Task to carry out
Would you please set down the data again exactly as given, excluding the pictures?

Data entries
•••••

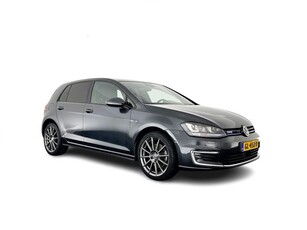 Volkswagen Golf 1.4 TSI GTE Executive Plus Pack Aut.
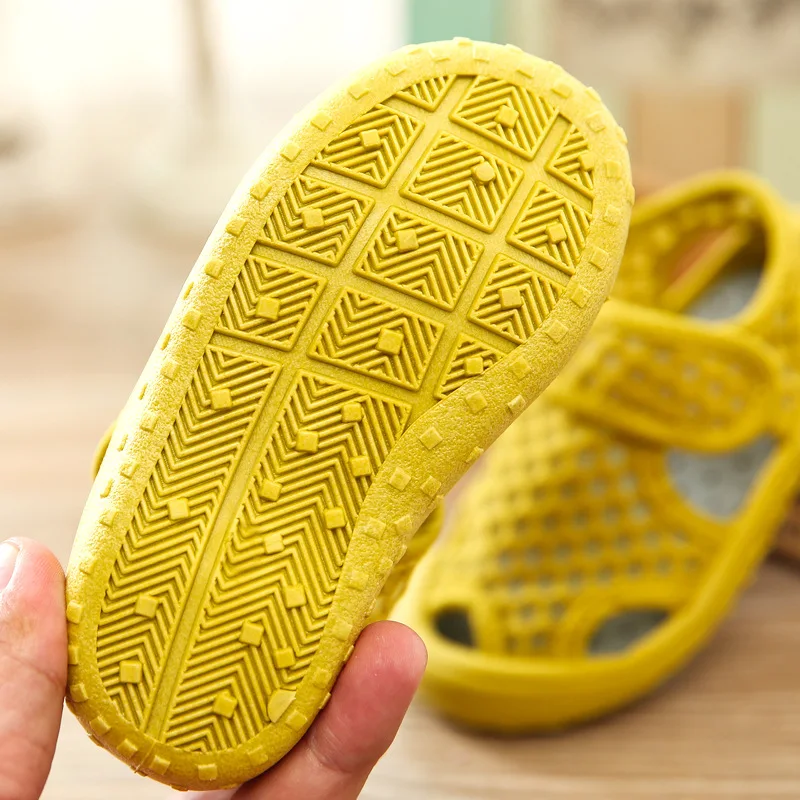 Summer Kids Shoes High-Quality Baby Hollowing Out Sandals Girls Toddler Soft Bottom Non-slip Mesh Beach Shoes For Boys Summer Kids Shoes High-Quality Baby Hollowing Out Sandals Girls Toddler Soft Bottom Non-slip Mesh Beach Shoes For Boys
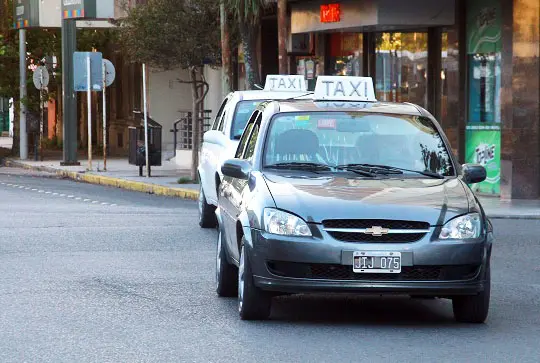 Proyectan cambiar el color de los taxis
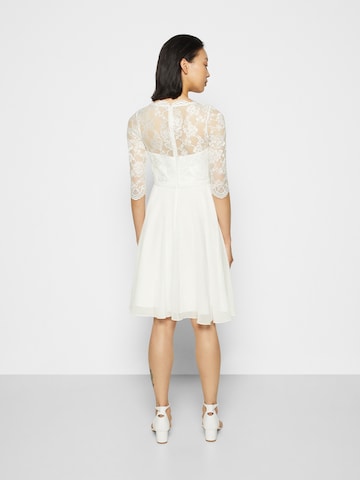 mascara - Vestido de gala en beige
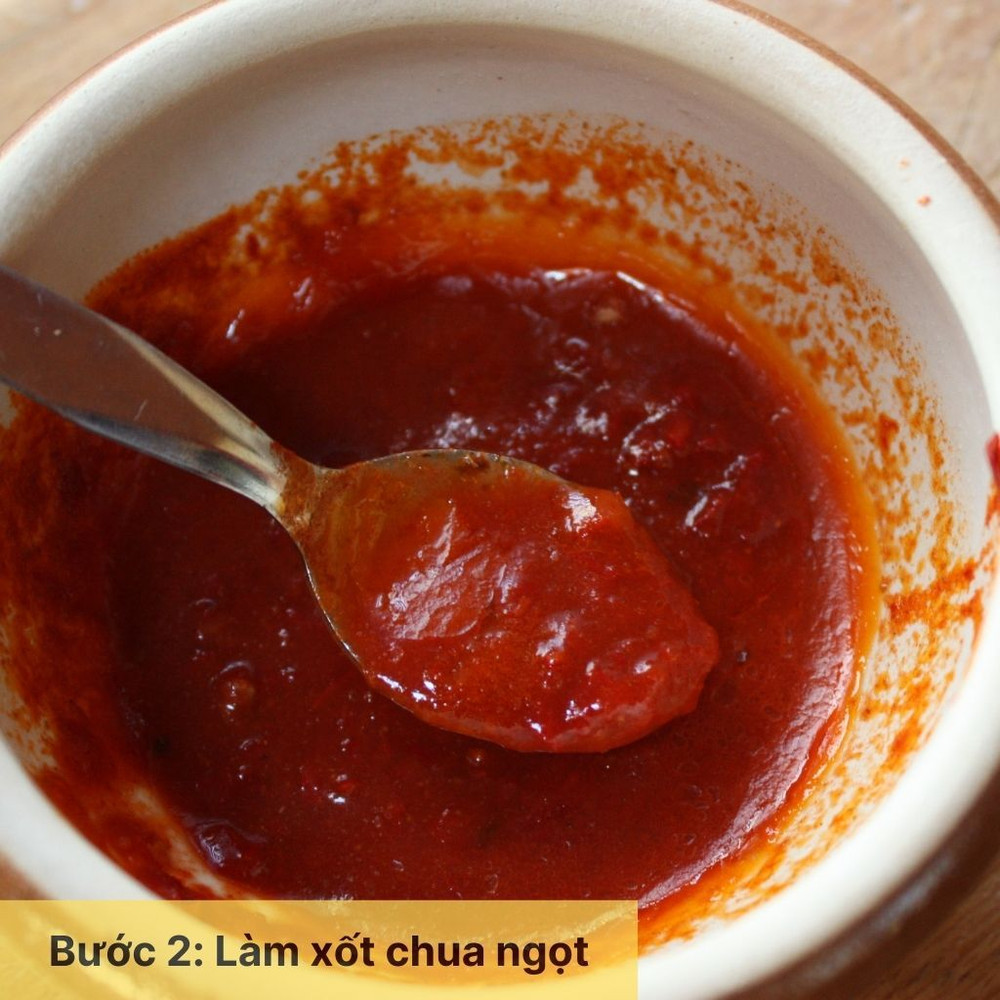 Làm xốt chua ngọt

•••••

Response area
 Volkswagen Golf 1.4 TSI GTE Executive Plus Pack Aut.
 Summer Kids Shoes High-Quality Baby Hollowing Out Sandals Girls Toddler Soft Bottom Non-slip Mesh Beach Shoes For Boys Summer Kids Shoes High-Quality Baby Hollowing Out Sandals Girls Toddler Soft Bottom Non-slip Mesh Beach Shoes For Boys
 Proyectan cambiar el color de los taxis
 mascara - Vestido de gala en beige
 Làm xốt chua ngọt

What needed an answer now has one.